In this talk we investigate the effect of rounding errors in the computation of finite element (FE) kernels and we develop strategies for reduced- and mixed-precision acceleration using half-precision floating point formats. Possible applications of this work include: reduced- and mixed-precision preconditioning, linear and nonlinear solvers, and timestepping methods.

The popularity of artificial intelligence has pushed for the design of computer architectures that are increasingly faster at performing computations using fewer bits. For instance, 16-bit half-precision computations are over 32 times more efficient than double precision computations on NVIDIA H100 GPU tensor cores. However, reducing the precision leads to a significant increase in rounding errors and extreme care must be taken during algorithmic design.
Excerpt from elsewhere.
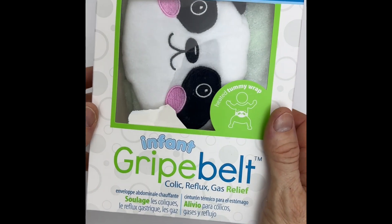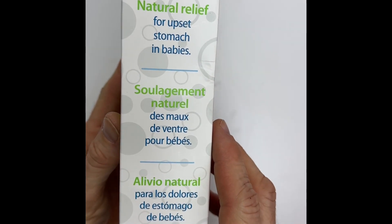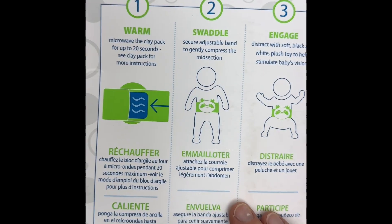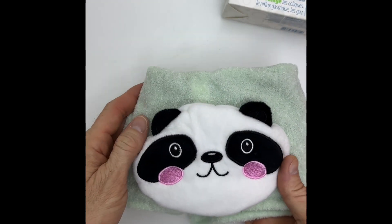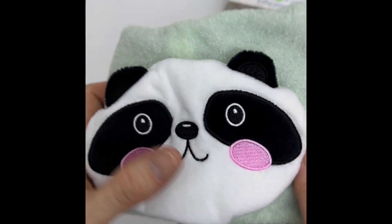This review is for the Dr. Brown's Infant Gripe Belt for colic relief, and it's a heated tummy wrap. It was easy to heat and wrap around my son's stomach to help him relieve gas, colic, and reflux since birth.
With the objective of exploiting these new chip capabilities in FE methods, we focus on FE cell kernels for matrix assembly. By analysing the algorithm used by FFCx, we show that the total rounding error is comprised of two terms:

  1. A geometry term depending on the condition number of the Jacobian of the map to the reference cell.
  2. A quadrature term growing with the number of quadrature nodes. Based on this analysis, we propose a strategy for obtaining machine-accurate results at negligible efficiency loss via a mixed-precision treatment.

While this is currently work in progress, early-stage numerical experiments on Intel Sapphire Rapids CPUs show appreciable speedups compared to their double precision equivalents and support our theoretical findings. Additionally, we show how the latest Sapphire Rapids AMX-BF16 registers and instructions offer great promise for further incresing accuracy and speed (although compiler and/or register improvements would be needed).

M. Croci, Multilevel Monte Carlo methods for the approximation of failure probability regions, Computational Mathematics and Applications Seminar, University of Oxford, UK (2024). Download.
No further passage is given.